5G offers much faster download speeds by using higher frequencies. However, the trade-off is signals can’t reach as far. Previous mobile standards were designed for more densely populated regions like Europe and the US, but when applied to Australia they can mean sparse coverage for our far-flung population. In short, long-range 5G standards need to be adopted to ensure we get decent coverage across the country.
As the international mobile standards body meets in Australia this week, Telstra chief Andy Penn is making a last-minute push to ensure 5G copes with the challenging conditions of our country.
Once it’s up and running, the main change for 5G users will be increased speed and reduced delay. 5G is similar to existing mobile networks, but with key differences in hardware and software.

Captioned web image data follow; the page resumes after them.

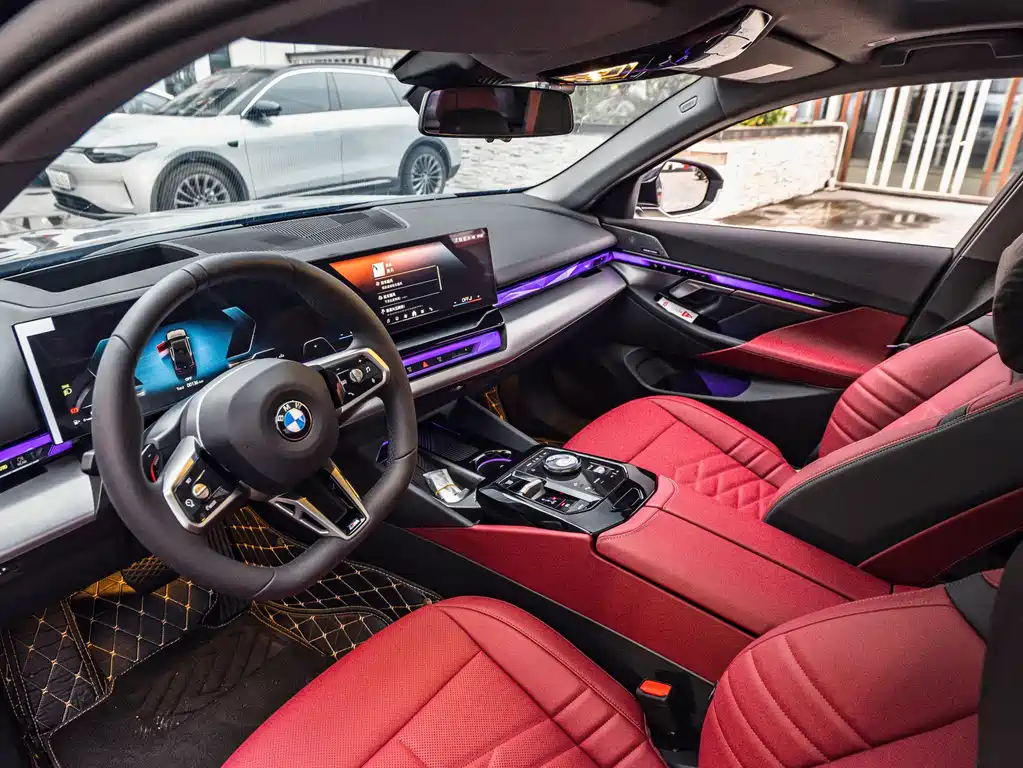 BMW 5 Series — миниатюра 5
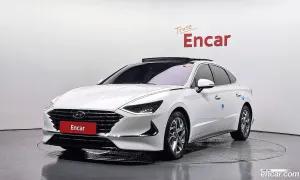 Hyundai Sonata Smart 2.0 LPG(rental car) 2019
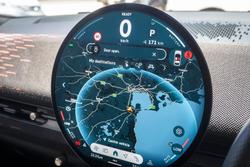 2025 MINI Aceman JCW E Favoured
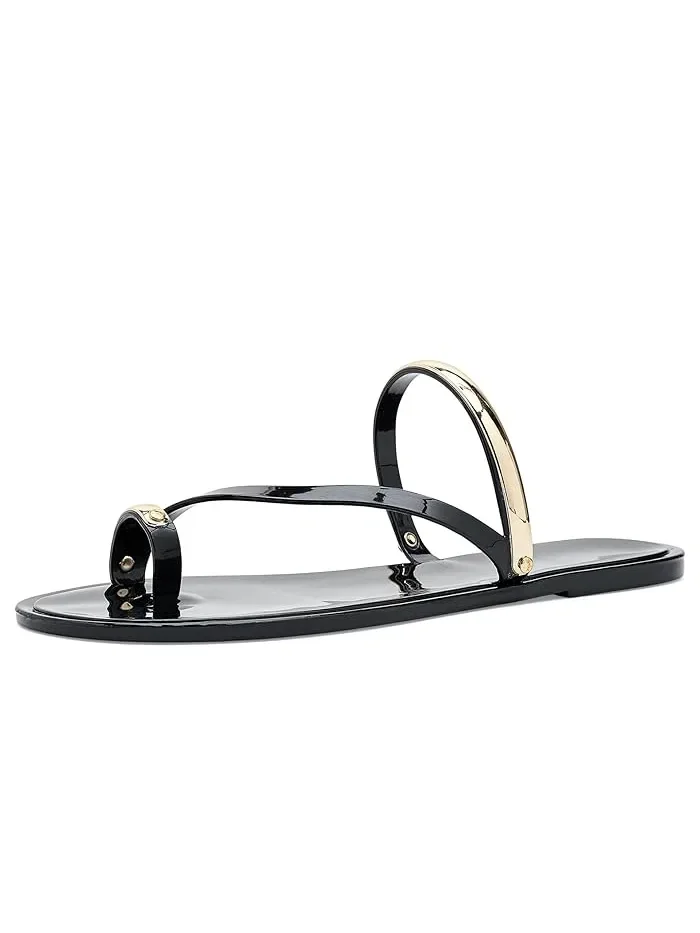 Босоножки с открытым носком Seashell Nine West — 1
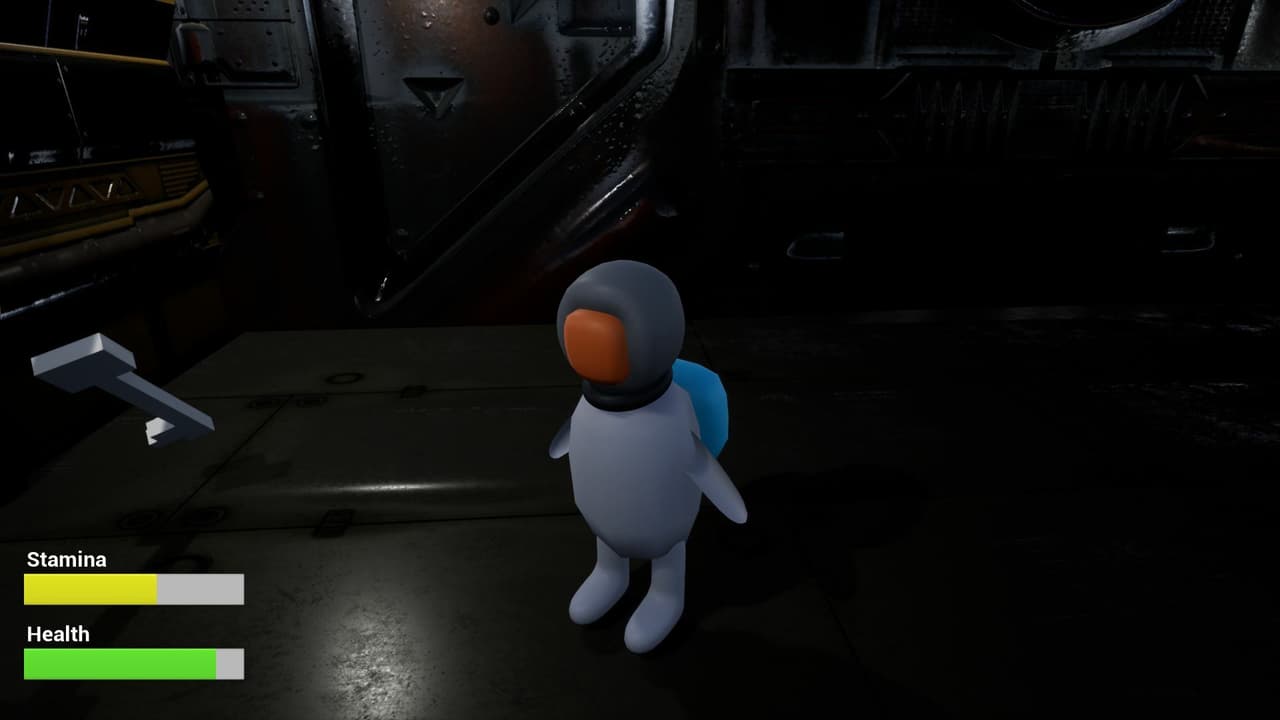 Space Escape (tbrooks3)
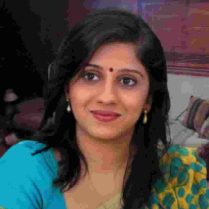 Priyanka A, 34 years oldKarad, India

Here's everything prospective customers you need to know.Read more
The telco is hosting the 3GPP mobile standards body on the Gold Coast, where 600 delegates from around the world will ratify the international standards to underpin the new 5G mobile networks and devices.

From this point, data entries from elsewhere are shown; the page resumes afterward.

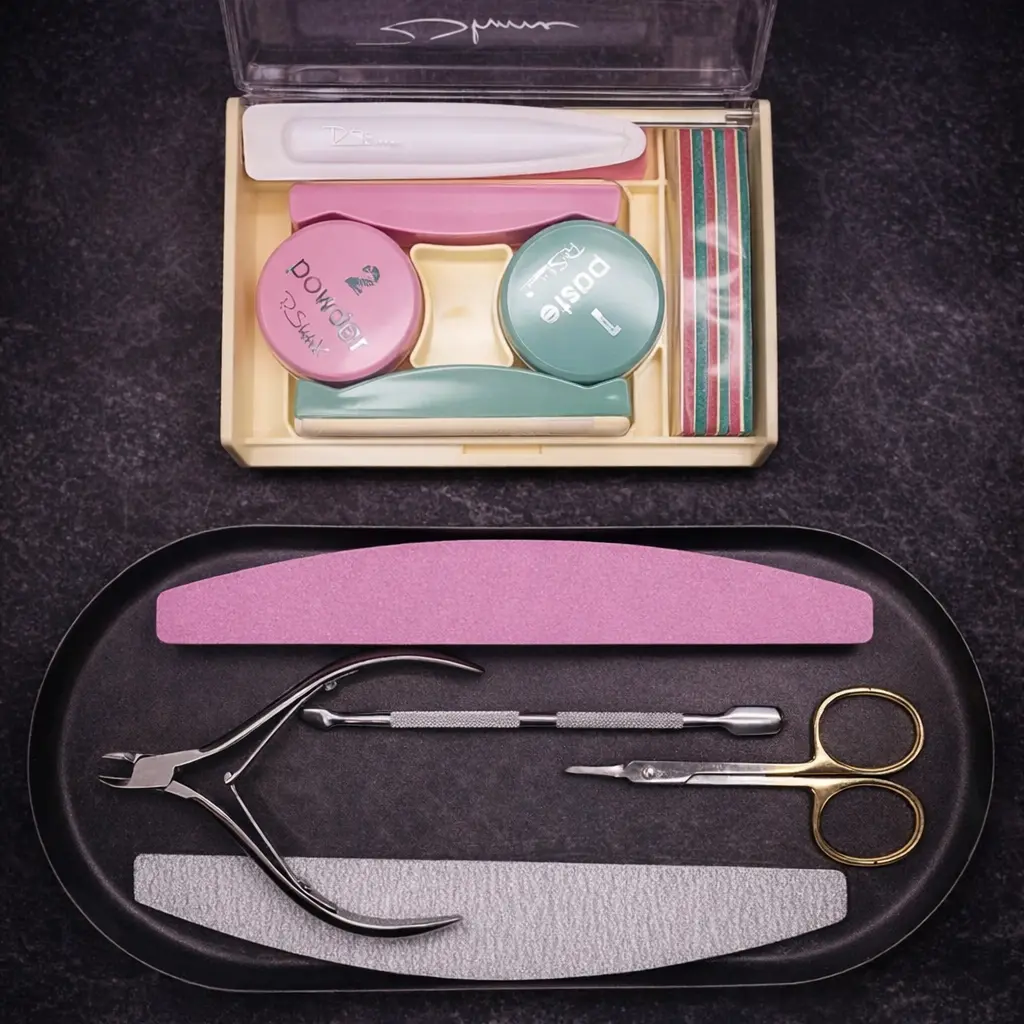 Japanische Manicure und Pedicure Werkzeuge - Fannique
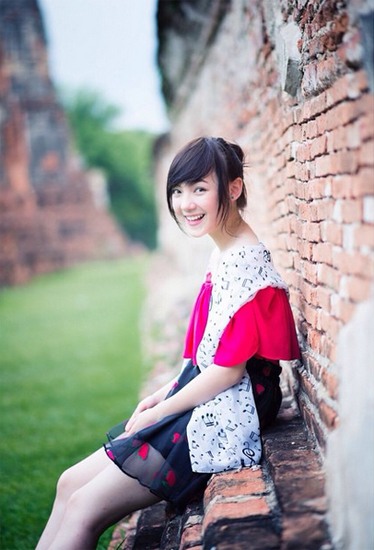 พลอยชมพู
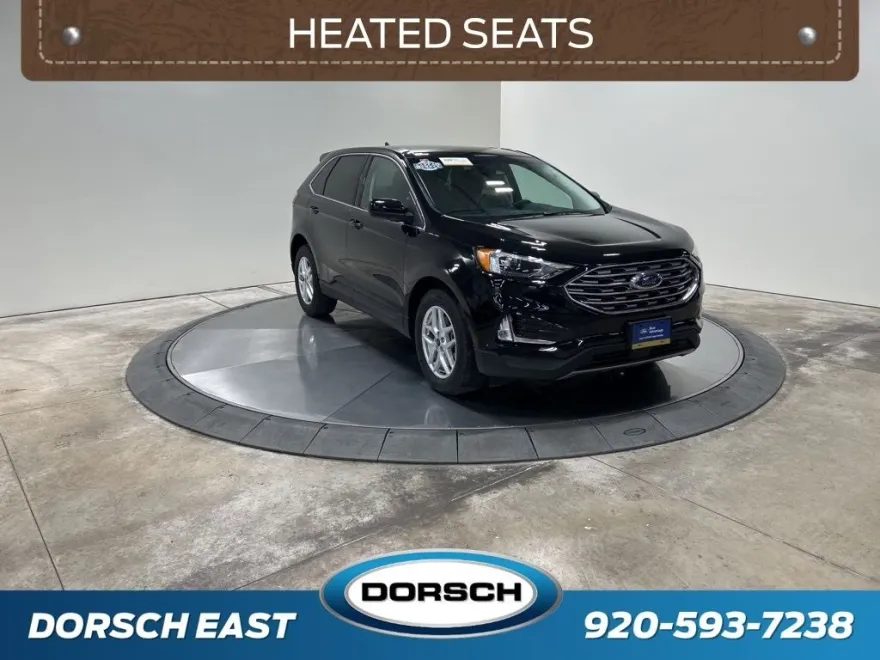2022 Ford Edge SEL photo 1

The Telstra chief executive has told us he is “confident” that the final 5G standard will allow for each mobile tower’s reach to be extended from 35kms to around 200kms, meaning better coverage even in the bush.

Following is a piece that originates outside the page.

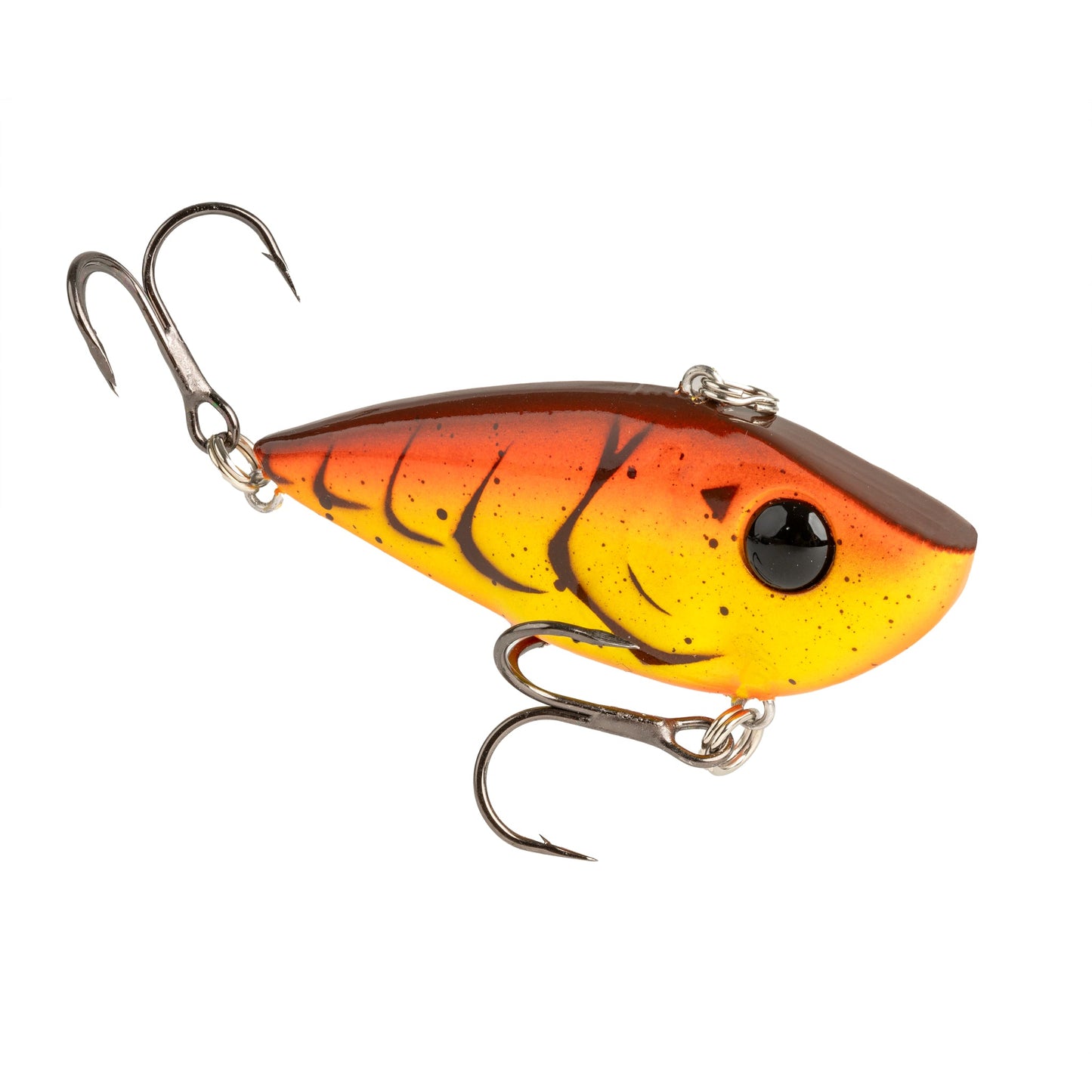 Strike King Red Eye Shad 1/2 Oz Chartreuse Spring Craw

In terms of the number of people using it globally, Penn expects 5G coverage to spread more quickly just as 4G outpaced its predecessor. Yet even if long-range 5G standards are adopted, he can’t guarantee that Telstra’s 5G network will ever match the footprint of today’s Australian 4G coverage.
“The short answer is I don’t know the answer to that question,” Penn says, “but what will happen is 5G will be integrated with 4G — bonded together — and ultimately it will become the predominant technology.”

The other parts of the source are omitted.